→ **DATA SHOWN**:
···
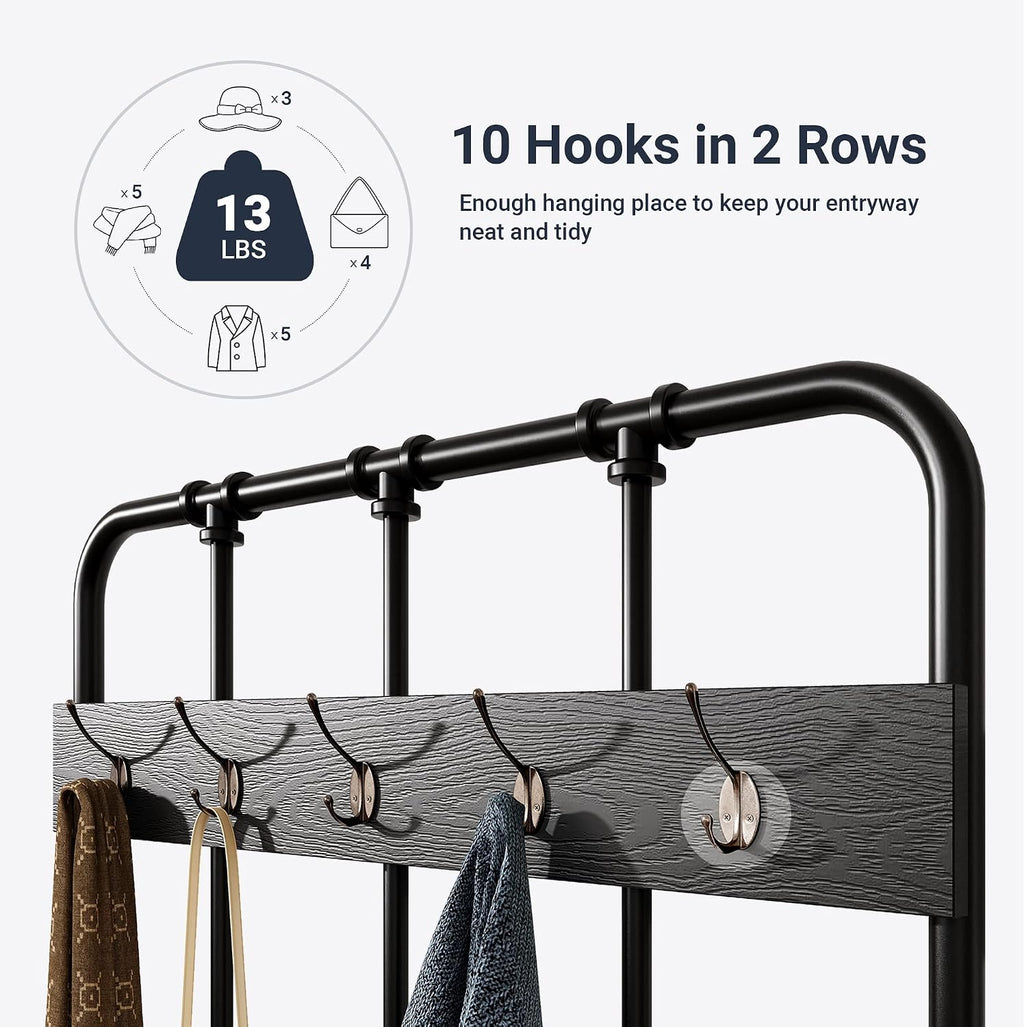 Allewie Coat Rack Shoe Bench, 75" Freestanding Hall Tree, Entryway Bench with Storage Shelves, Upholstered Sponge-Padded Seat, Organized with 5 Hooks, Industrial Furniture, Easy Assembly, Black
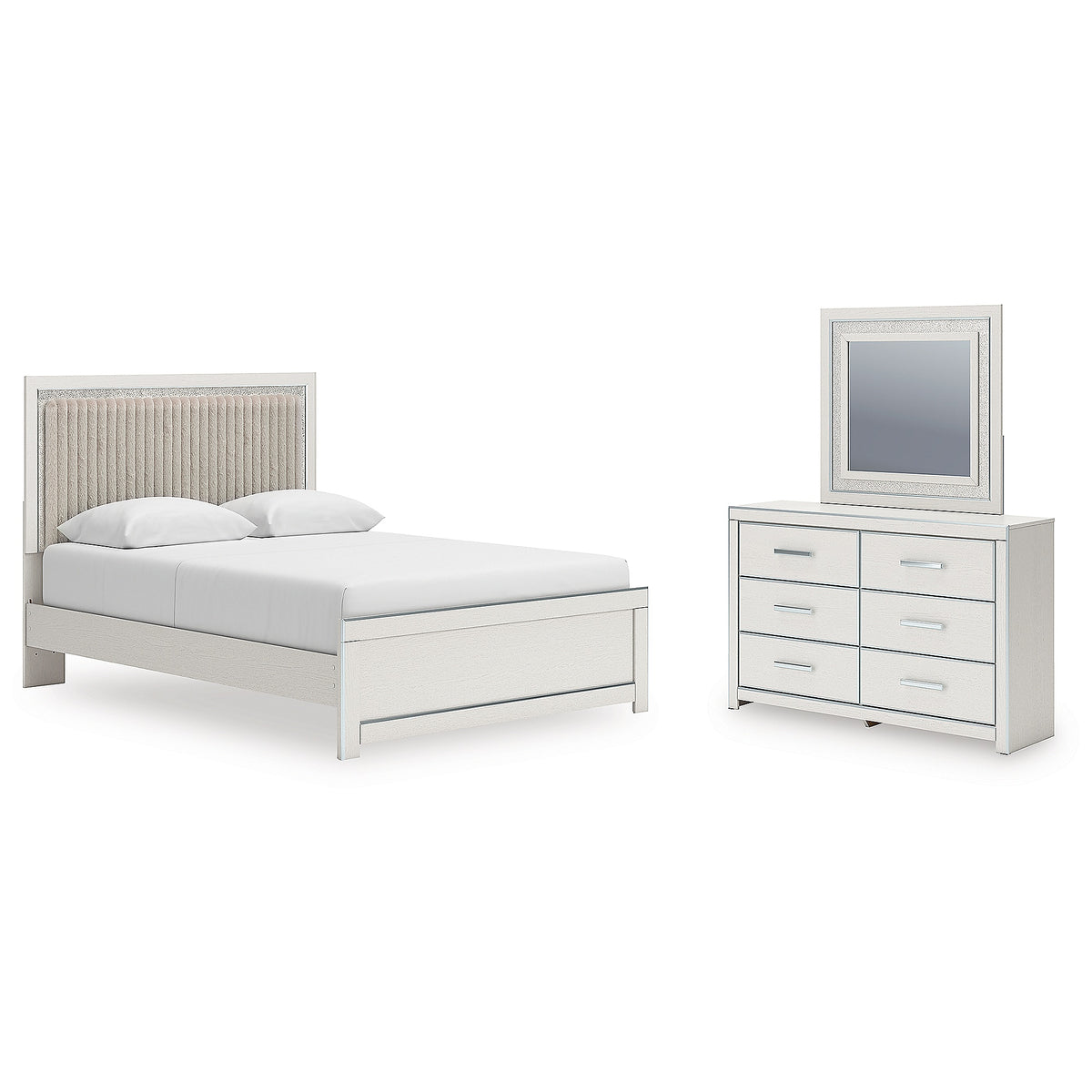 Zuraleus Queen Upholstered Panel Platform Bed, Dresser and Mirror (PCB3381-SI)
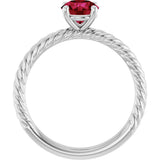 14K Gold Round Lab-Grown Ruby Rope Solitaire Ring – 6mm Stones - White Gold - view 2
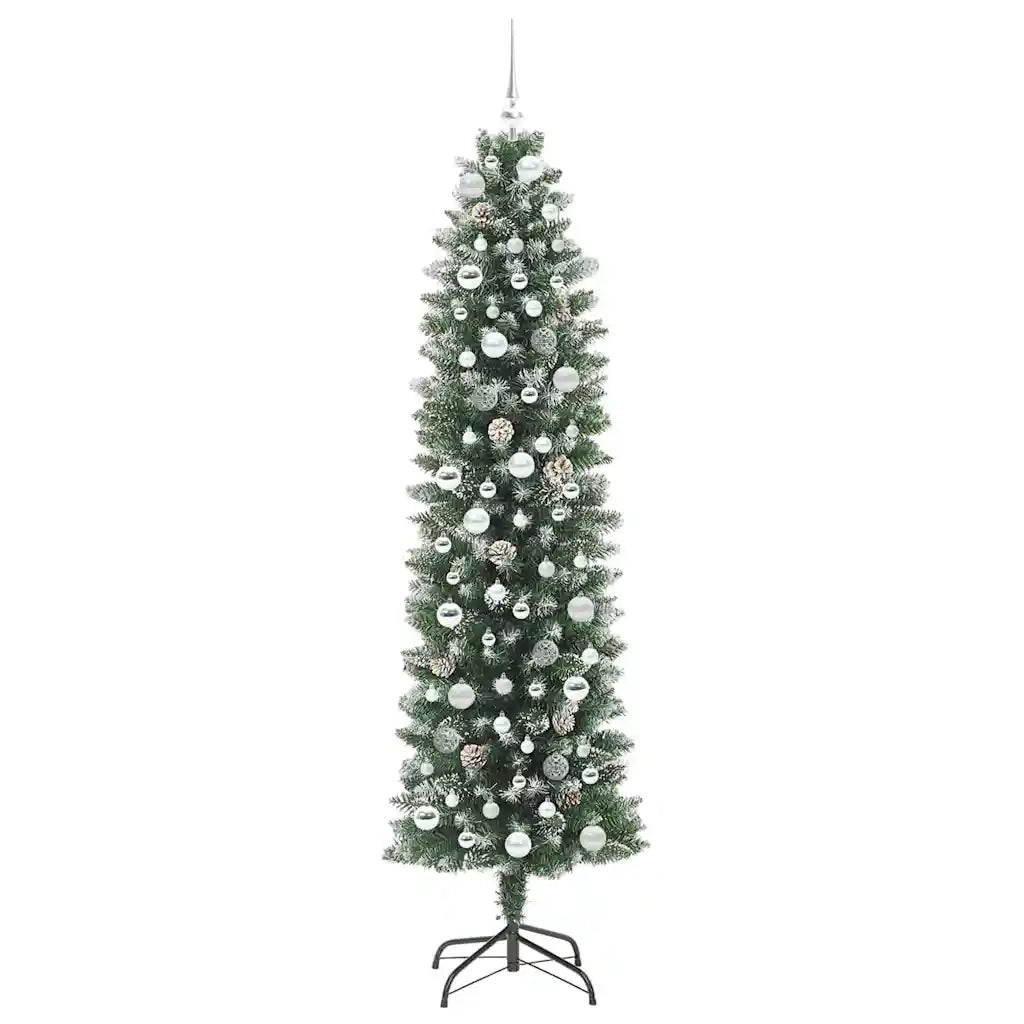 Albero di Natale Artificiale Sottile Verde e Bianco 210 cm 3395310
···
→ **PROBLEM DESCRIPTION**: The expected answer is the whole listing above, copied exactly, with images excluded.

→ **RESULT BELOW**:
 Allewie Coat Rack Shoe Bench, 75" Freestanding Hall Tree, Entryway Bench with Storage Shelves, Upholstered Sponge-Padded Seat, Organized with 5 Hooks, Industrial Furniture, Easy Assembly, Black
 Zuraleus Queen Upholstered Panel Platform Bed, Dresser and Mirror (PCB3381-SI)
 14K Gold Round Lab-Grown Ruby Rope Solitaire Ring – 6mm Stones - White Gold - view 2
 Albero di Natale Artificiale Sottile Verde e Bianco 210 cm 3395310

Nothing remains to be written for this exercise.